A day or so ago I quoted someone as saying that the difference between Bush and the Roman emperors is that the Roman senate authorized the Roman emperors to take power, whereas Congress has not authorized Bush to do so. Enter Arlen Specter handing the keys to Bush.

Update: Glenn Greenwood has a somewhat different take on the Specter legislation. He believes that even the relaxed version of FISA in Specter's proposal will not be acceptable to the administration.

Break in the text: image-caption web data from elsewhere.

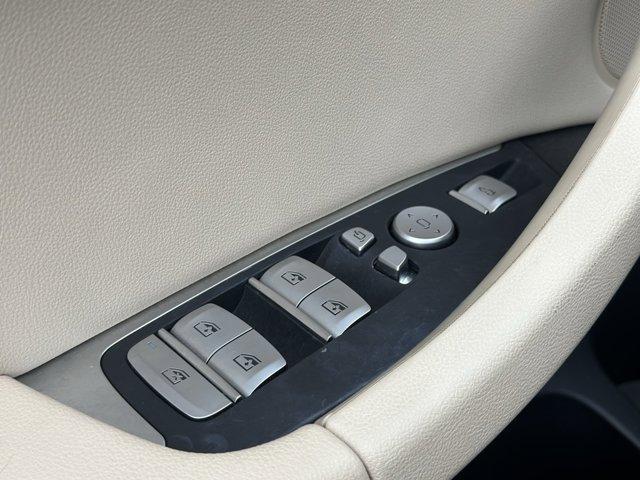 used 2024 BMW X3 car, priced at $42,580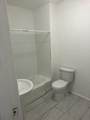 211 Texas Street - Photo 5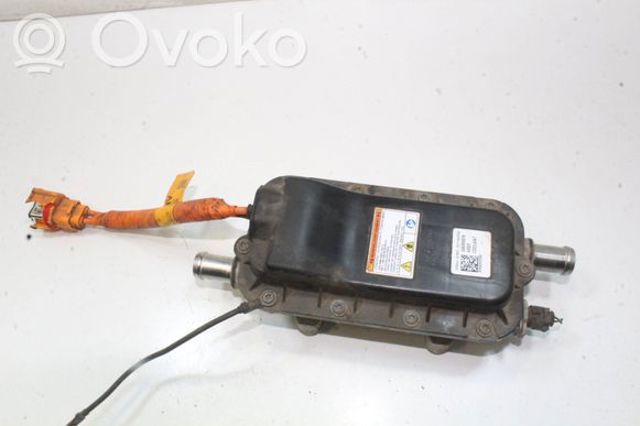 HYUNDAI 375W2G7500 в наличии Хмельницкий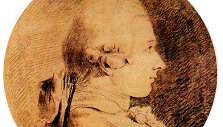 Marquis de Sade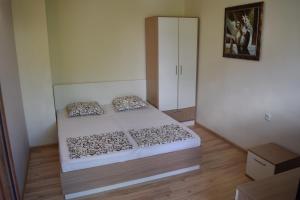 Gallery image of Guest House Sv Nikola in Ahtopol +56 photos
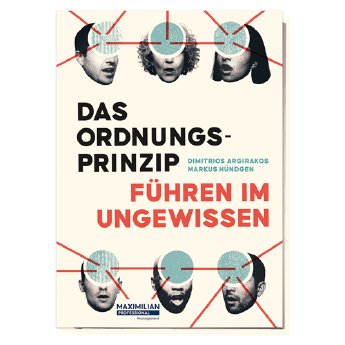 15867_Argirakos_Huendgen_Das_Ordnungsprizip_RGB_500x500px.jpg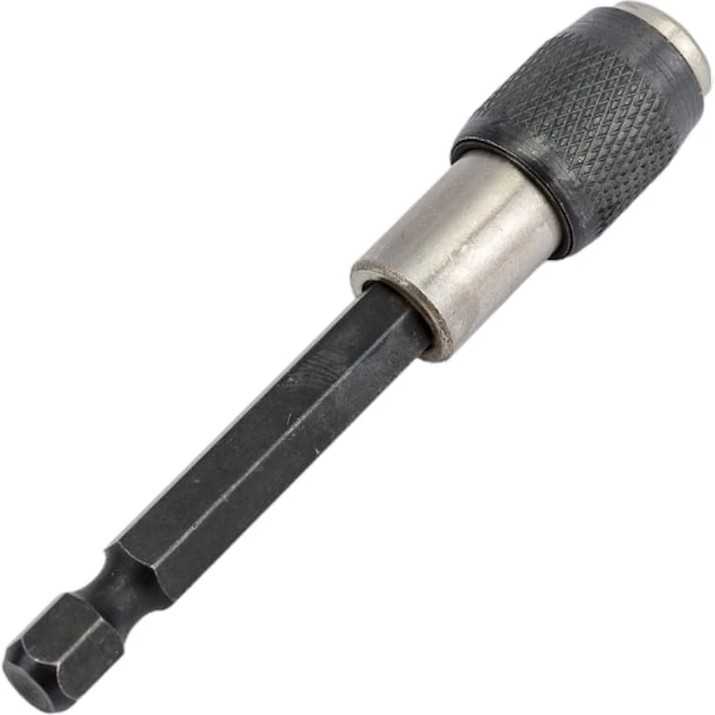Adaptor de biți King Tony 752-75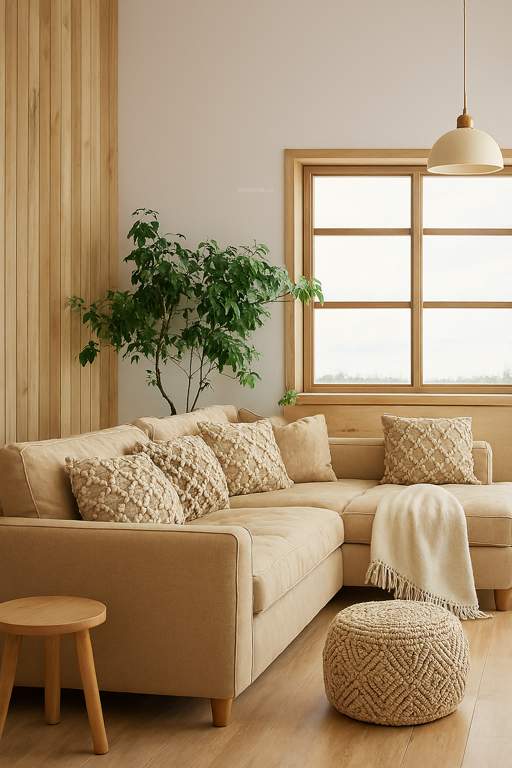  delta infra heights utrayan aa 25 Living Area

While it is true that, as Marty Lederman noted yesterday, the burden which the Administration would have to meet in order to eavesdrop under the Specter legislation would be substantially lowered as compared to what FISA currently requires, it is also true that the legislation provides meaningful – one could even say stringent – mechanisms for both judicial and Congressional oversight, and vests the FISA court with rather broad discretion to approve or reject the eavesdropping programs submitted by the Administration. For that reason, this bill is far from some magic bullet that will quietly resolve this scandal to the satisfaction of the Administration, because I do not believe the Administration can or will accept this legislation...
Beyond this always-paramount crisis is the fact that the Administration, in light of the positions it has emphatically staked out, cannot possibly accept the meaningful limitations and oversight contained in the Specter proposal. The Administration has repeatedly claimed that national security requires that it be able to eavesdrop with total secrecy and without any limitations from the courts or Congress. It therefore cannot and will not accept a framework which imposes such limitations.

For these reasons, I believe that this legislation could actually achieve a good result for this scandal – in a sense, it calls the Administration’s bluff. From the beginning of this scandal, the Administration has claimed that it eavesdropped outside of FISA because the FISA standards are too restrictive and the FISA process too cumbersome to enable the eavesdropping it wants.